Donald Trump has met his match.

Omarosa Manigault-Newman is famously known for being devious, untrustworthy and vengeful.

She’s now on the warpath, strategically aiming low blows at the man who made her famous.

Omarosa had been a Democrat when she worked in the office of Vice President Al Gore in the 1990s.

She’d been removed from her job after Gore’s office administrator claimed she “was the worst hire we ever made”.

She was transferred to Bill Clinton’s Commerce Department, where she was fired for being called “unqualified and disruptive”.

But it wasn’t until she appeared with Donald Trump on the various iterations of reality show, “The Apprentice”, that her deviousness, untrustworthiness and vengefulness helped her become “the most hated woman in America”.

By 2015, Omarosa became a Republican. The better to join Trump’s presidential campaign, and to follow him into the White House, where she would serve as a Director of Communications for the Office of Public Liaison.

Of course, Omarosa being Omarosa, she was sent packing after only a year on the job.

Now, seven months later, she’s returned to the public spotlight armed with her new book: “Unhinged: An Insider’s Account of the Trump White House.”

She’s making the talk show rounds spewing the kind of venom only Omarosa can spew, while aiming attacks directly at her former boss.

Last week, she even handed over several audio tapes designed to embarrass Trump, including one that, she feels, supports her claims that he’s made use of the “n-word.”

Of course, Trump being Trump, he couldn’t allow Omarosa’s attacks to go unchallenged.

He fired off eight nasty tweets in less than 24 hours, that were a signal that Omarosa was clearly getting under his ever-so-thin skin.

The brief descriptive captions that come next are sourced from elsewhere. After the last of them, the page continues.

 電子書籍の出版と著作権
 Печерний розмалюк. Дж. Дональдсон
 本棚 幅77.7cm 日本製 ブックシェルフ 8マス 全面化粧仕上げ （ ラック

But the one tweet that caused the most commotion was when he wrote, “Good work by (Chief-of-Staff) General Kelly for quickly firing that dog”.

By calling Omarosa a “dog,” Trump ignited a day-and-night-long round of heated, cable news arguments over the use of the word to describe a black woman.

Even those pundits who have no use for Omarosa were put into a position of defending her against what they feel is yet another “dog whistle” from a president with a blind spot where it comes to race.

All of this is subtext to what follows.

I DON’T CARE IF TRUMP CALLED OMAROSA A DOG!

What’s more important is how Trump’s people were arrayed to defend him by curiously claiming he calls white people dogs too.

What kind of defense is that?

“The fact is the president is an equal opportunity person, that calls things as he sees it,” said White House Press Secretary Sarah Huckabee Sanders during her daily press briefing.

She didn’t stop there.

“He has made a number of comments about plenty of people and to try to single that out to one group is frankly silly, because I think if you did a comparison, he’s probably got a lot of more nasty things out there about some other people,” she concluded with a broad, self-satisfied smile across her face.

Think of that.

She’s just proudly said it’s OK for the President of the United States, who happens to be an “equal opportunity person,” to say “more nasty things” about the people with whom he disagrees.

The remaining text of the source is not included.